Daley welcomes development thrust for netball qualifiers
Annette Daley’s role as one of the coaches with Netball Jamaica’s development programme is to ensure that her young charges are ready and raring to go when the opportunity to make the senior Sunshine Girls team to a major championship presents itself.
While the upcoming Americas Netball (AN) World Cup Qualifiers, to be hosted on Jamaican soil, don’t count as one such championship with medal prospects, for Daley it represents a window through which the girls who fall under her programme can gain valuable experience.
The qualifiers, scheduled for October 15-22 at the National Indoor Sports Centre, will see eight countries battling for two spots to next year’s Netball World Cup in Cape Town, South Africa.
Barbados, Antigua & Barbuda, Cayman Islands, Grenada, St Lucia, St Vincent & the Grenadines, Trinidad and Tobago, and the USA are the teams hunting the available spaces.

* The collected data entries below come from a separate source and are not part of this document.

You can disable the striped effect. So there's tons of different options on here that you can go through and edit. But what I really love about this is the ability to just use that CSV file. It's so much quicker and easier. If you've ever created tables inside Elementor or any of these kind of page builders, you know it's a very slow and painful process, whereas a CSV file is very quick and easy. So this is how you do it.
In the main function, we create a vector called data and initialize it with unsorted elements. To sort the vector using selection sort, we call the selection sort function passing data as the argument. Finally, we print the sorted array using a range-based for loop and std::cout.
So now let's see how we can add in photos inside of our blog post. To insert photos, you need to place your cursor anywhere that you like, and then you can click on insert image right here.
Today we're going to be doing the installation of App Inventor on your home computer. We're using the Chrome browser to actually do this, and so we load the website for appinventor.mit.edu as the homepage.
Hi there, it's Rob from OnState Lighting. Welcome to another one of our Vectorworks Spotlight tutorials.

Though already qualified for the World Cup, the number-three ranked Sunshine Girls will be the tournament’s ninth team, as they seek to add ranking points.
With some members of the historic silver medal-winning team from the recent Commonwealth Games expected to be rested, Daley welcomes the chance to throw some of her aspiring stars into action with the proverbial big girls.

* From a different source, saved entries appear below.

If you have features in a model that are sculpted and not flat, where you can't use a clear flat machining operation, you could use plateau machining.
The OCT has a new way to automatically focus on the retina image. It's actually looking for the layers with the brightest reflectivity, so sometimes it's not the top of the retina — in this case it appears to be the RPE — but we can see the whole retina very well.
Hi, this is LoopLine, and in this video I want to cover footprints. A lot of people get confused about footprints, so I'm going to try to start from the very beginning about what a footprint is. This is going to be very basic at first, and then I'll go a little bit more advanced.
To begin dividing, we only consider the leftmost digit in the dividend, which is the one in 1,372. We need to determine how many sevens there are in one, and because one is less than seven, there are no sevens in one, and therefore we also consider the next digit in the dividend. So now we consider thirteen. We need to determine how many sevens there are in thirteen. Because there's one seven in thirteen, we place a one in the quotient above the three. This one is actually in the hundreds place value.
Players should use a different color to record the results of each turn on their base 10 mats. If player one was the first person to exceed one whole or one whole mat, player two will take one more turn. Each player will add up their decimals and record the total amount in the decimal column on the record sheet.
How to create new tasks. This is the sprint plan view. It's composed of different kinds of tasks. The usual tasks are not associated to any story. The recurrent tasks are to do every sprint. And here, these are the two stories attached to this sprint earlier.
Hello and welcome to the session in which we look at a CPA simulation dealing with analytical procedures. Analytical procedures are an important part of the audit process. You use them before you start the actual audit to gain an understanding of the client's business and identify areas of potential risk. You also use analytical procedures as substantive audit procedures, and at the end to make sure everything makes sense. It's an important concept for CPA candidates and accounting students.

“The Netball World Cup Qualifiers is really significant to the growth and development of netball, not just in Jamaica, but also in the region, and so it means a lot to me that the ladies from the development programme will be involved,” Daley told the Jamaica Observer.
“These ladies played against their age group in Guadeloupe recently and now they will be playing against more senior and experienced ladies, and this will surely benefit them,” she added.

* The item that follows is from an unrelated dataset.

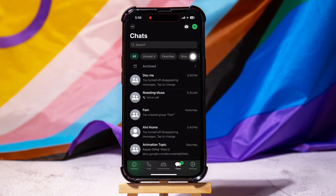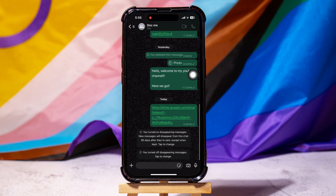You will then be brought to the chats page. Here you can view all your chats with friends on WhatsApp. Now open any chat from here.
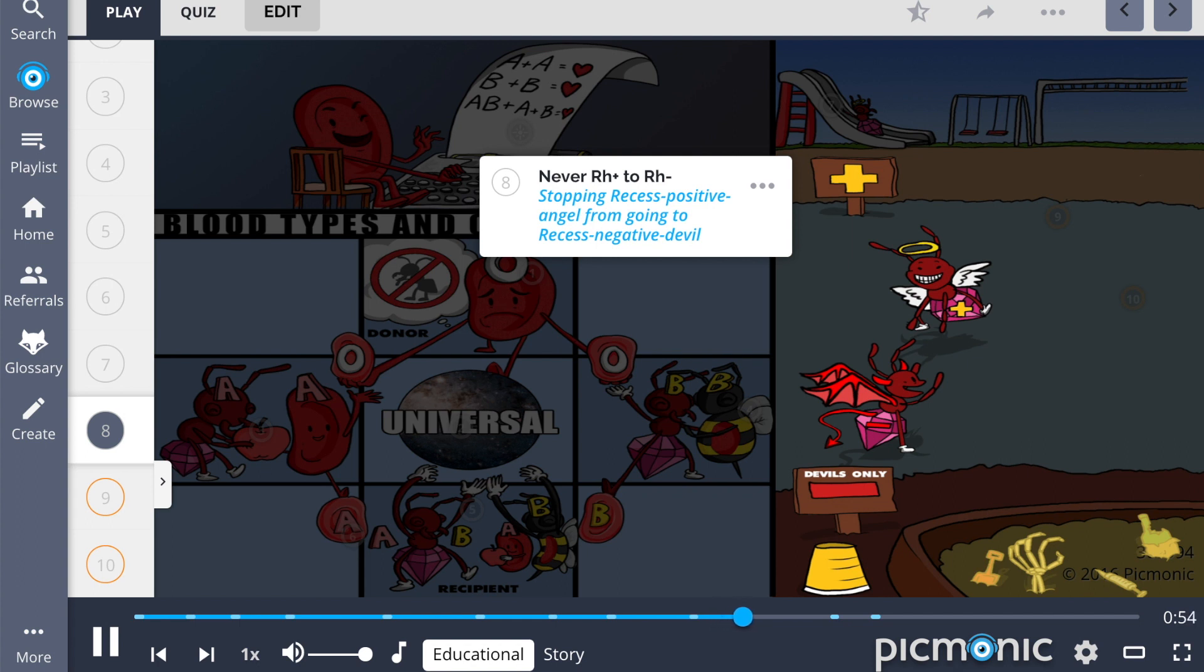It is vital to remember never to give RH positive blood to a person with RH negative antigens, shown by stopping the positive angel from going to the negative devil, as this would cause a serious reaction.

Aside from the physical benefits that will come from their time on court, Daley believes the qualifiers also provide the opportunity for the aspiring players to grasp as much knowledge from their senior counterparts, many of whom might be in their final cycle, which will culminate at the World Cup.
It is with that in mind that she is hoping that the development players will capitalise on the opening, especially given the fact that they represent the next line of Jamaica’s Sunshine Girls’ legacy.
“The programme in Jamaica now is geared towards expanding the squad because we need to ensure that, when we are selecting teams, we have the best team representing Jamaica at all times, and for that to happen we need depth,” Daley noted.
“So it means we need to expose the girls to more competitive netball. So once we are exposing a wider group to competitive netball, you’re going to find that the best [players] will emerge, so it’s really important,” she said.
Much like Americas Netball President Marva Bernard, Daley alluded to the significance of improving the sport across the board in the region as this will only ensure that the top-ranked Jamaicans continue to lift their game against their lower-ranked regional counterparts.
Bernard, who is in the final year of her four-year tenure as president, told the Jamaica Observer in a recent interview that her administration was doing everything in its power to leave the sport in good stead.
“We are doing everything to improve the performances [of teams across the region]. We have had several coaching courses and one is due to start next week. Hopefully coaches from Jamaica can be exported to the region, as several countries are ranked below 20 and they can be ranked higher with improved coaching systems and structures,” Bernard said.
Daley concurred.
“Having the other teams come here as well is developing Netball in the region and, in order for us to have competitive netball within the region, we also need to assist the coaches and players in the region for them to get better,” said Daley.
“Once netball in the region improves, it automatically means that Jamaica netball will also improve because playing against regional teams that are getting better will push us to lift our game. So it’s good for us to be a part of this competition,” she said.
Jamaica’s games will only count towards ranking points and, as such, will not be factored on the final results of qualification.